» **SOURCE MATERIAL**
----------
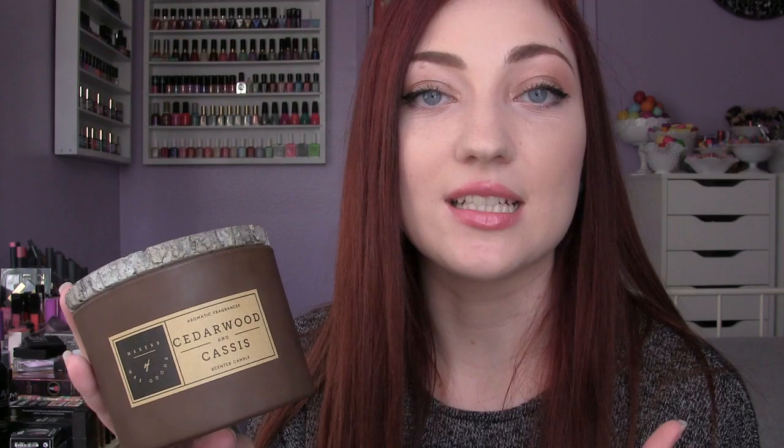Also $7.99, the second candle scent is Cedarwood and Cassis — it's amazing. It smells just like a cedarwood chest, and it reminds me of my grandparents' closet, which I love going into just to smell. I haven't lit them yet since I just got them today, but I'll probably light this one tonight. They also had so many other scents. They have a Facebook and Instagram — both are 'Makers of Wax Goods' — if you want to check them out. I'll definitely look into finding more of their scents.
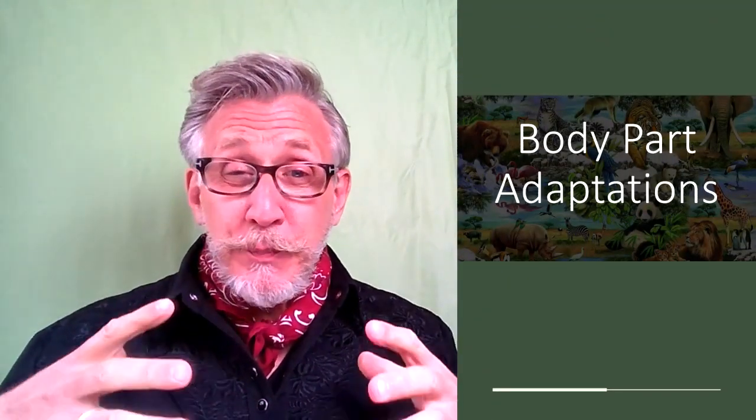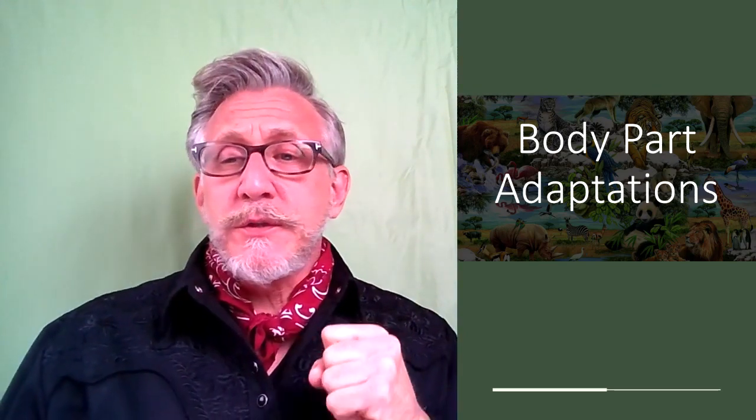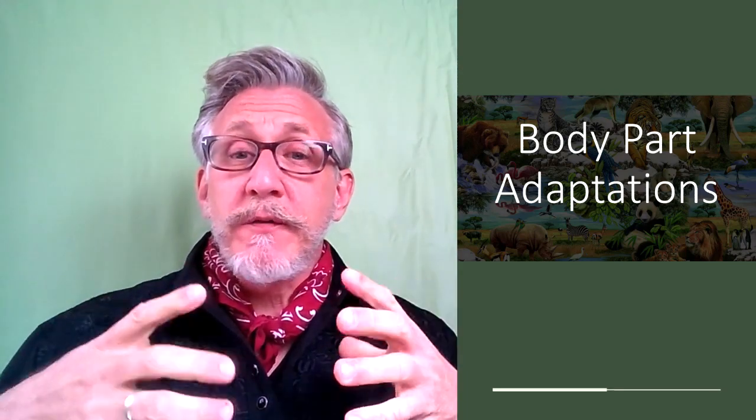The first thing we're going to talk about is body part adaptation — what different animal species have done to change something their bodies actually do that helps them survive. A really good example of this is the pelican. The shape of the pelican's beak is almost designed like a net, so when it dives into the water and scoops down, it's able to catch fish much easier, allowing them to eat more.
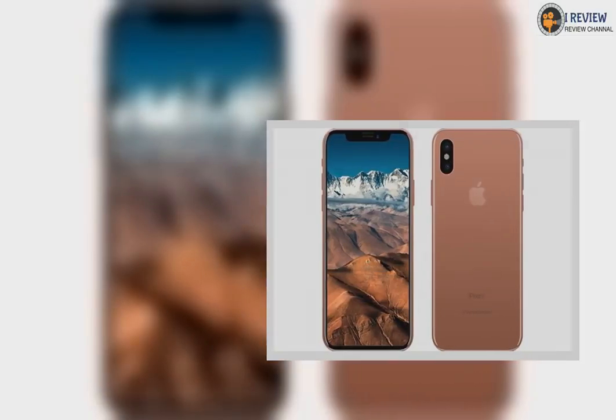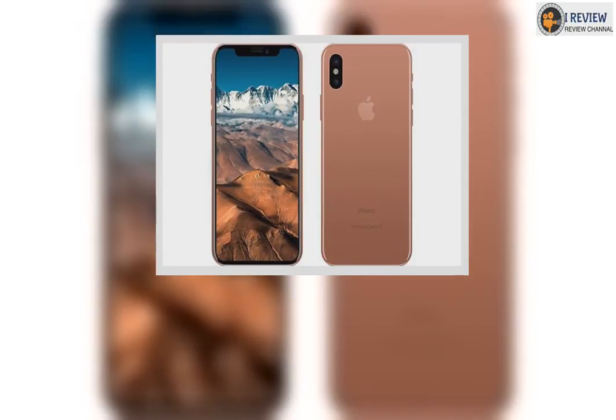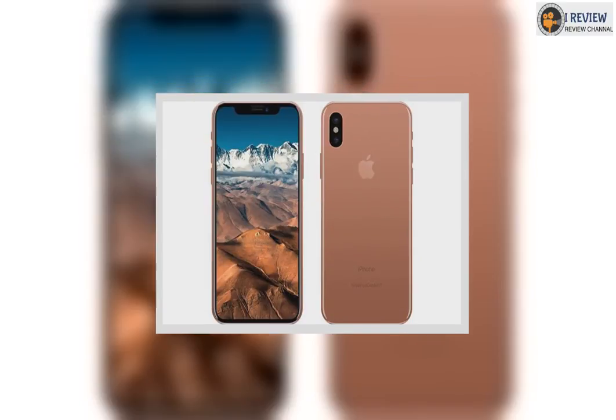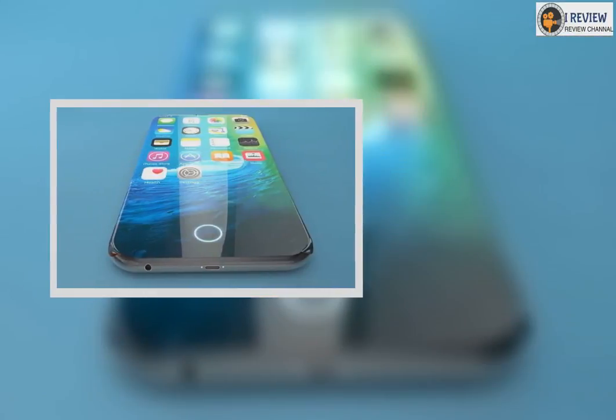If you haven't been following all the rumors swirling around the iPhone 8 over the last few months, don't worry — we've rounded up all the biggest ones here, along with our best guess as to how likely they are to actually show up. The biggest change to the iPhone is the one we know is most likely to happen: a major redesign.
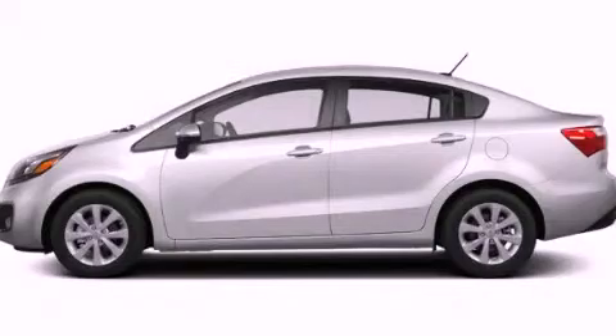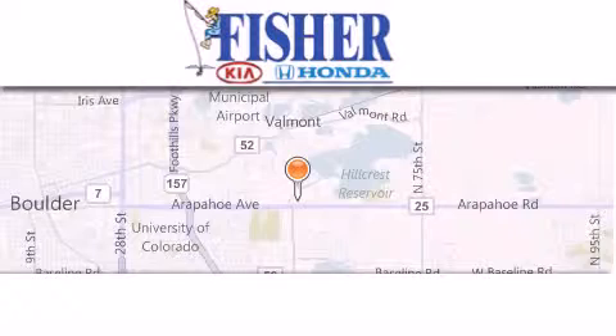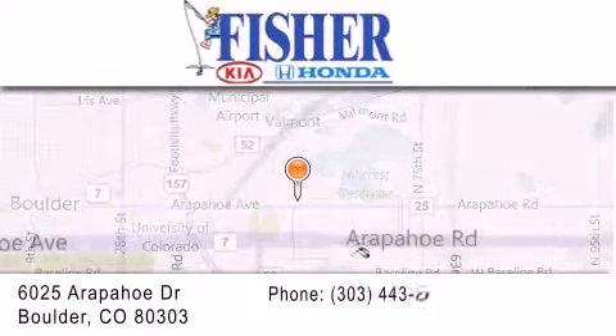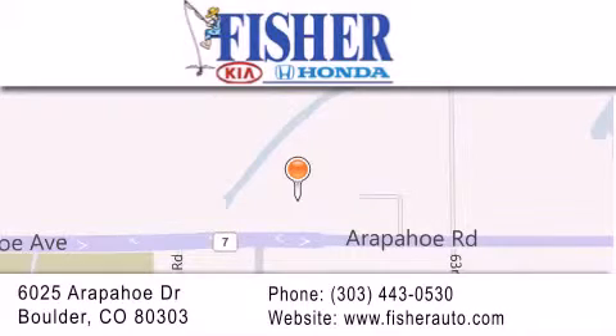Stop by today and test drive this automobile for yourself. Fisher Auto is located at 6025 Arapahoe Drive in Boulder. Our goal is to exceed all of your expectations to ensure that you'll return for future visits.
----------
» **AIM OF THE EXERCISE**
All of the listing above has to be reproduced exactly, though without its images.

» **COMPLETED TASK**
Also $7.99, the second candle scent is Cedarwood and Cassis — it's amazing. It smells just like a cedarwood chest, and it reminds me of my grandparents' closet, which I love going into just to smell. I haven't lit them yet since I just got them today, but I'll probably light this one tonight. They also had so many other scents. They have a Facebook and Instagram — both are 'Makers of Wax Goods' — if you want to check them out. I'll definitely look into finding more of their scents.
The first thing we're going to talk about is body part adaptation — what different animal species have done to change something their bodies actually do that helps them survive. A really good example of this is the pelican. The shape of the pelican's beak is almost designed like a net, so when it dives into the water and scoops down, it's able to catch fish much easier, allowing them to eat more.
If you haven't been following all the rumors swirling around the iPhone 8 over the last few months, don't worry — we've rounded up all the biggest ones here, along with our best guess as to how likely they are to actually show up. The biggest change to the iPhone is the one we know is most likely to happen: a major redesign.
Stop by today and test drive this automobile for yourself. Fisher Auto is located at 6025 Arapahoe Drive in Boulder. Our goal is to exceed all of your expectations to ensure that you'll return for future visits.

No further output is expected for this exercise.